STORED DATA:
-- Opening Marker --

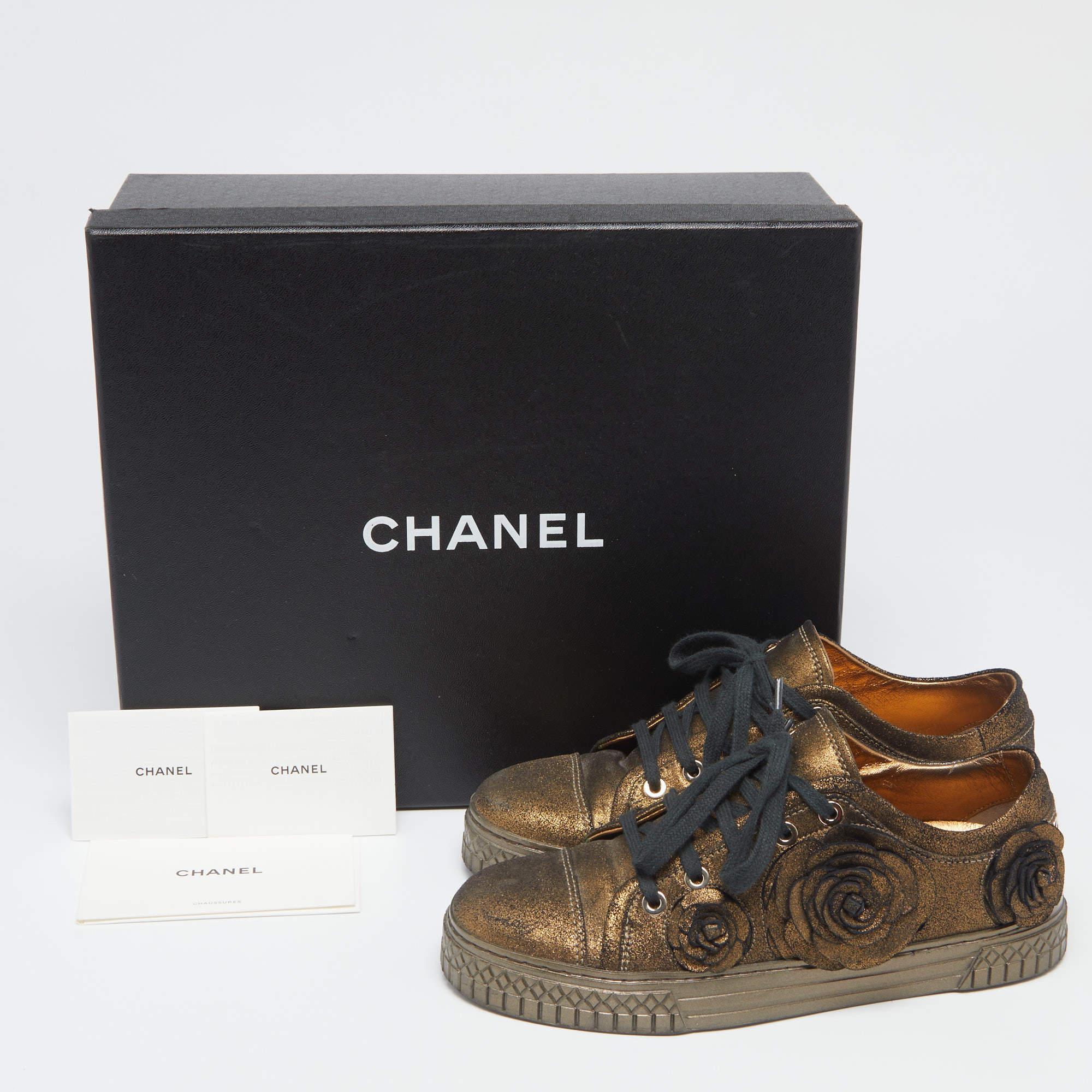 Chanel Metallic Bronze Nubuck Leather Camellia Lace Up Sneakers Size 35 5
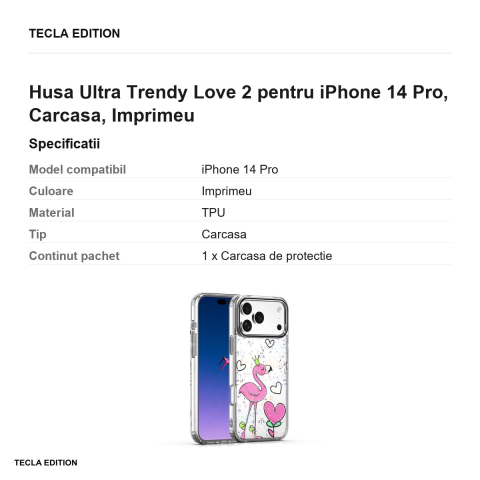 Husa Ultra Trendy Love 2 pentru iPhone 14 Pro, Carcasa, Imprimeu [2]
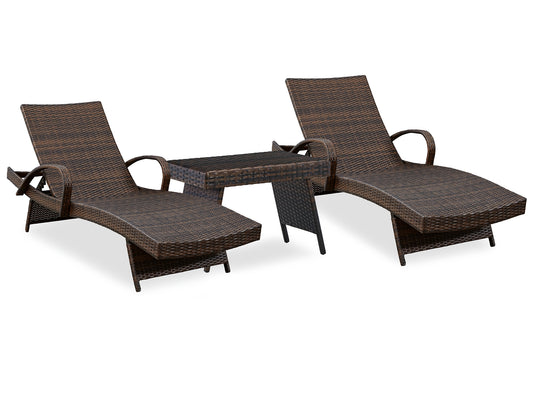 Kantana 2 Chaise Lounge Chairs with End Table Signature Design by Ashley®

-- Closing Marker --

TASK PROMPT: Please return the listing above exactly and leave every picture out.

EXERCISE RESPONSE:
 Chanel Metallic Bronze Nubuck Leather Camellia Lace Up Sneakers Size 35 5
 Husa Ultra Trendy Love 2 pentru iPhone 14 Pro, Carcasa, Imprimeu [2]
 Kantana 2 Chaise Lounge Chairs with End Table Signature Design by Ashley®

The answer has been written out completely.